- Born: Katharina Böhm 20 November 1964 (age 61) Sorengo, Switzerland
- Occupation: Actress
- Partner: Rick Ostermann
- Children: 1
- Parents: Karlheinz Böhm (father); Barbara Kwiatkowska-Lass (mother);
- Relatives: Karl Böhm (grandfather)

= Katharina Böhm =

Austrian actress (born 1964)

Katharina Böhm (born 20 November 1964) is a Swiss-born Austrian actress. Between 1999 and 2002 she played the role of Livia Burlando in the Italian TV series Il commissario Montalbano, based on the character Salvo Montalbano from the novels created by Andrea Camilleri.
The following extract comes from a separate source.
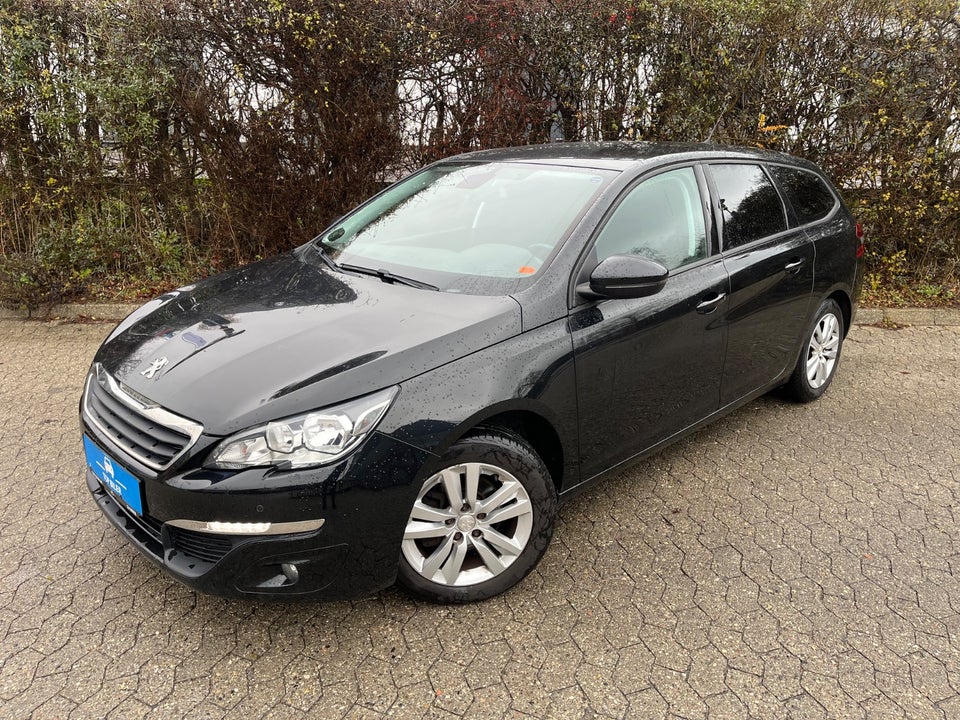 Peugeot 308 1,2 e-THP 130 Allure SW 5d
Böhm was born in Sorengo, Switzerland, the daughter of Karlheinz Böhm and Barbara Kwiatkowska-Lass, as well as the granddaughter of Karl Böhm. She first appeared on camera in 1978, when she played a lead role (Klara) in the Austrian television production of Heidi. She played Susanne 'Nane' von Guldenburg in Das Erbe der Guldenburgs (1987 to 1990). Her more recent work includes four different roles in different episodes of The Old Fox between 2002 and 2010. In 2010 she was in Season 8, Episode 3 of Stolberg. Since 2012 she starred as First Police Chief Inspector Vera Lanz in Die Chefin.

Böhm is the longtime companion of assistant director Rick Ostermann, the couple live in Baldham near Munich, Germany with her son Samuel (born 1998).